Sunday, August 22, 2010

Fix the ACA

Perplexed by the lingering voter skepticism over the Affordable Care Act (ACA), the White House apparently commissioned a series of "focus group" surveys on the health reform. While this is probably only one of many voter sentiment studies being undertaken by our hyper-wired political class, this time seems different because it was placed in the public domain by Politico and, to the delight of a conservative/libertarian opposition, it purports to show an Administration in mid-term disarray.

The Disease Management Care Blog has a slightly different spin.
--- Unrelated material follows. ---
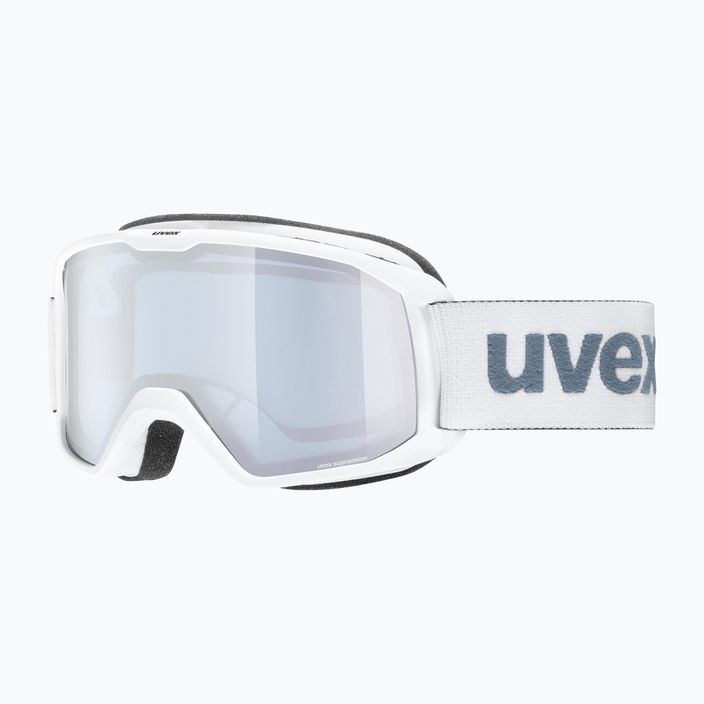 UVEX Elemnt FM ochelari de schi alb 55/0/640/1030 7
When it reads the survey summary, it sees an underlying fundamental assumption by the authors and their audience that the key constituencies from the 2008 Obama landslide haven't been adequately educated about the merits of ACA. What's needed, therefore, is a messaging/outreach/marketing/awareness-building campaign for Medicare beneficiaries, moms, Latinos and persons under age 40 years that....

1. credibly showcases the parts of the ACA with greatest appeal (more healthcare providers, tax credits as well as fixes of pre-existing conditions and lifetime caps)....

2. subtly leverages populism (tax the rich)....

3. appeals to a patriotic sense of shared responsibility (i.e., the mandate)

4. uses real world anecdotes and "transition or bridge language"....

5. in a calm and rational tone, recognizes that no law, including the ACA, is perfect.


The DMCB has seen that hollow canard fall flat on its face countless times among its professional colleagues who, when confronted by the so-called solutions concocted by an all-knowing administrator-policymaker-political elite (such as RVUs, capitation, pay for performance, electronic records and the sustainable growth rate, to name a few) didn't suffer from a knowledge deficit. They were perfectly aware of the details. The "problem" was that they didn't believe in them.

And what do you know: this phenomenon is not limited to doctors.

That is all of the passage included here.